▸ Assignment: All of the records that follow need to be copied word for word, without the pictures.
==== Data section ====
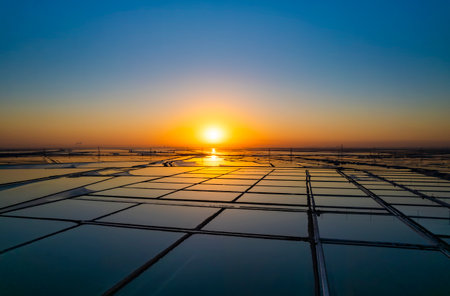 Sunset in a solar power plant, closeup of photo.の写真素材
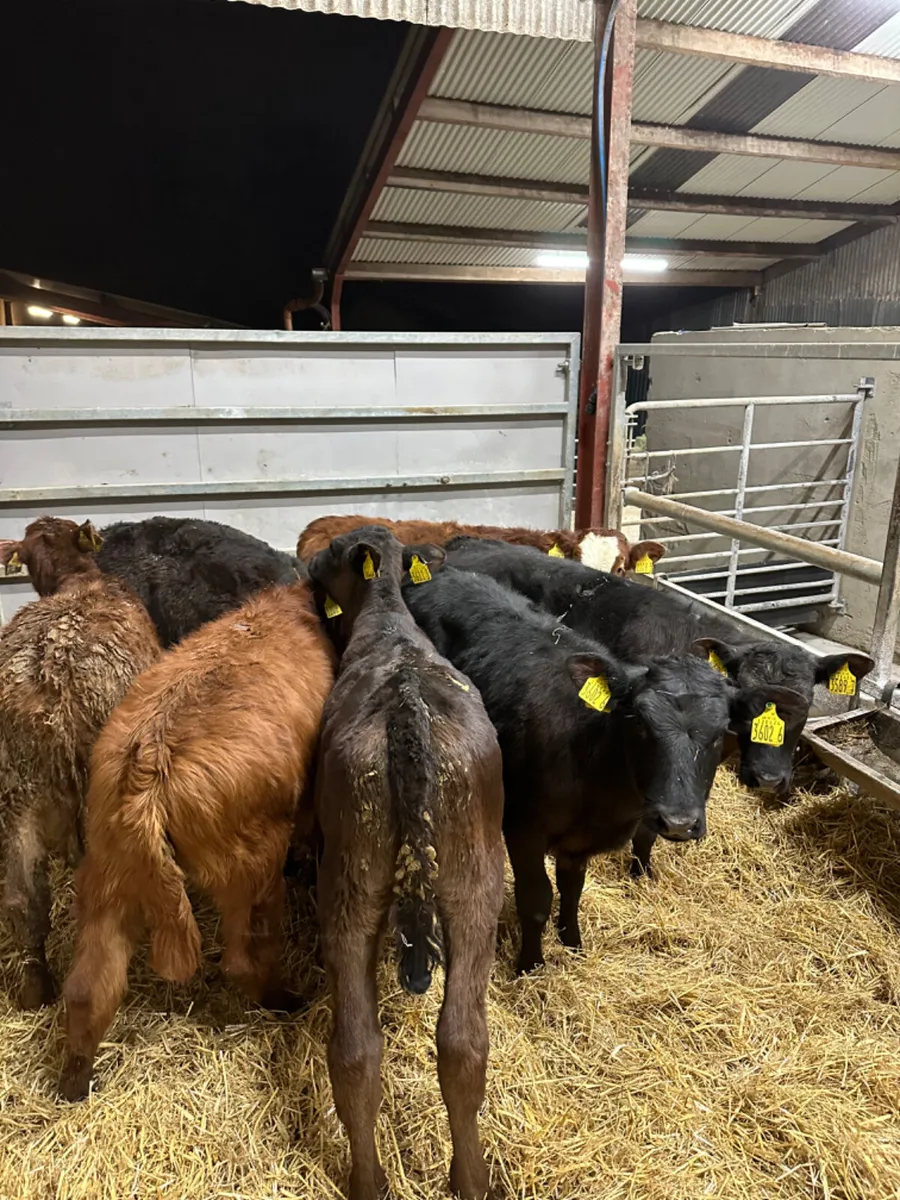 Lim heifers - Image 2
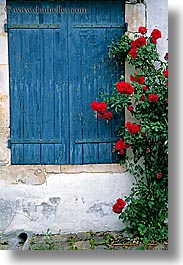 europe, flowers, france, ile de re, roses, vertical, windows, photograph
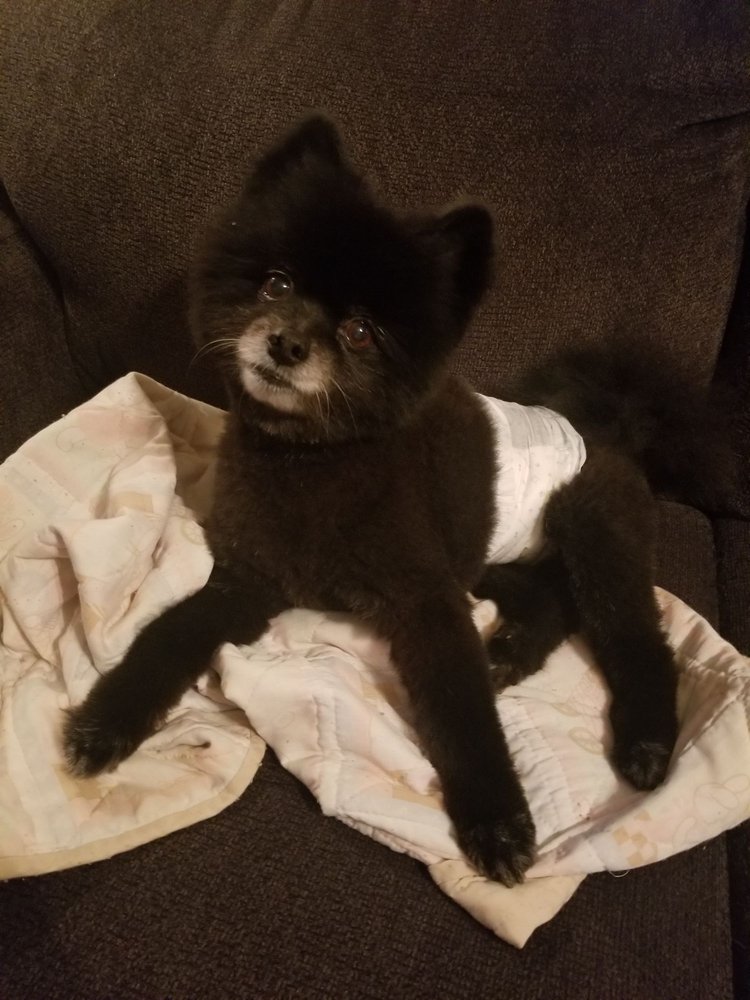 SCRUFFY2FLUFFY Updated May 2024 1101 Whipple Ave NW, Canton, Ohio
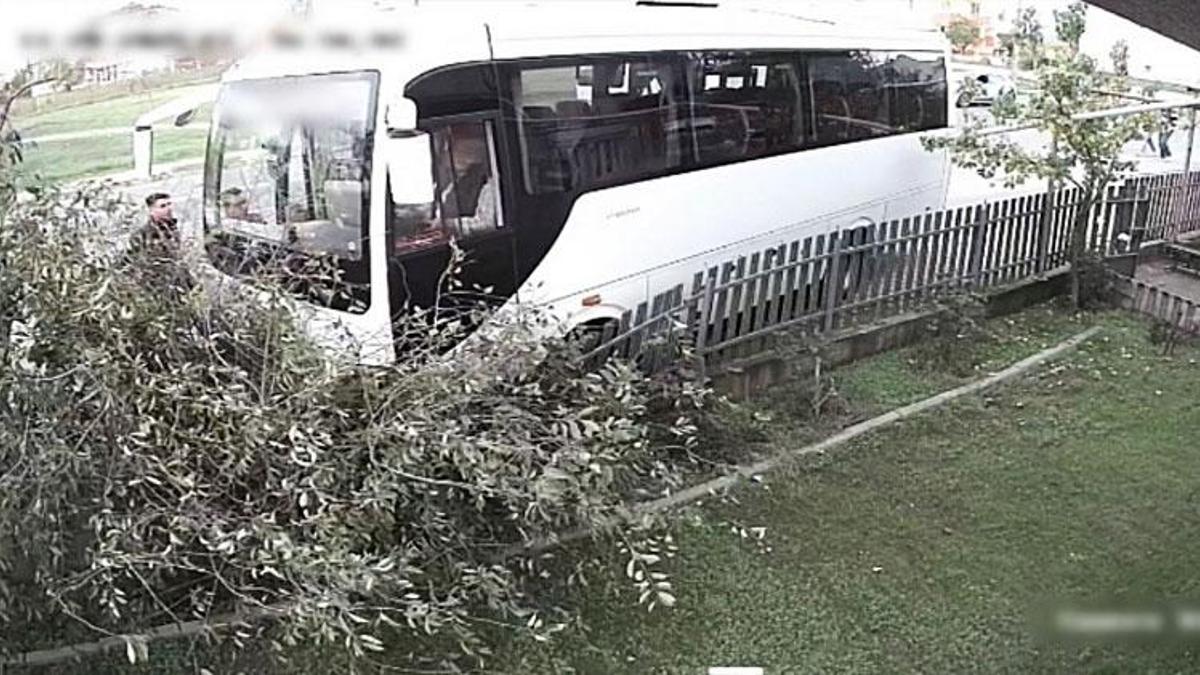 Tekirdağ Ergene'de servis minibüsü ağaca çarptı: 1 yaralı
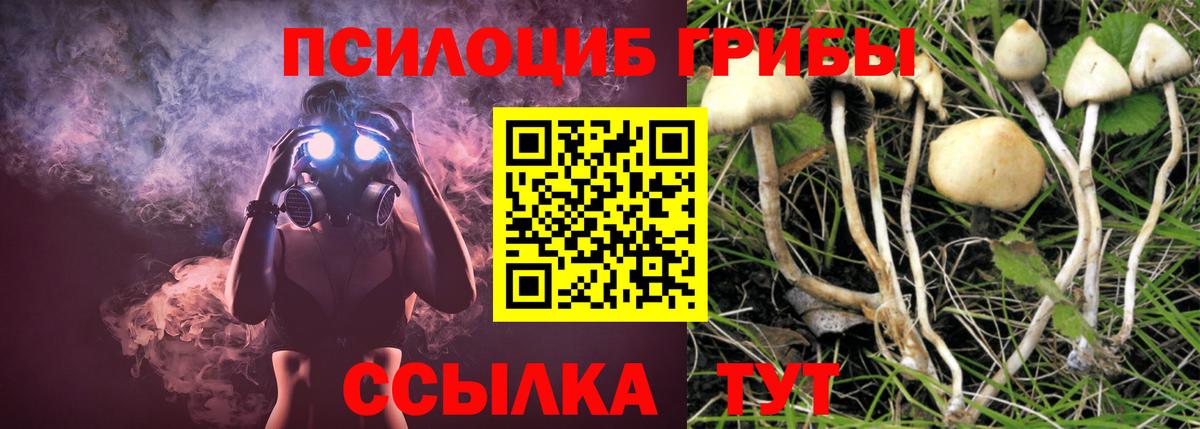 Балашов  купить наркотики сайты  Вход с VPN  Галлюциногенные грибы мухоморы 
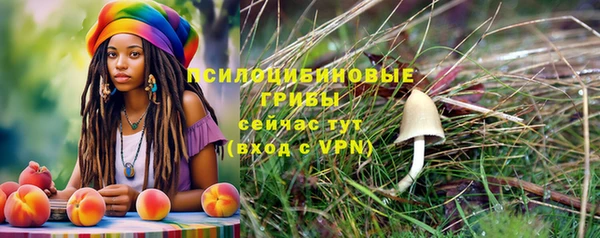 сатива Краснотурьинск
====
▸ Answer box:
 Sunset in a solar power plant, closeup of photo.の写真素材
 Lim heifers - Image 2
 europe, flowers, france, ile de re, roses, vertical, windows, photograph
 SCRUFFY2FLUFFY Updated May 2024 1101 Whipple Ave NW, Canton, Ohio
 Tekirdağ Ergene'de servis minibüsü ağaca çarptı: 1 yaralı
 Балашов  купить наркотики сайты  Вход с VPN  Галлюциногенные грибы мухоморы 
 сатива Краснотурьинск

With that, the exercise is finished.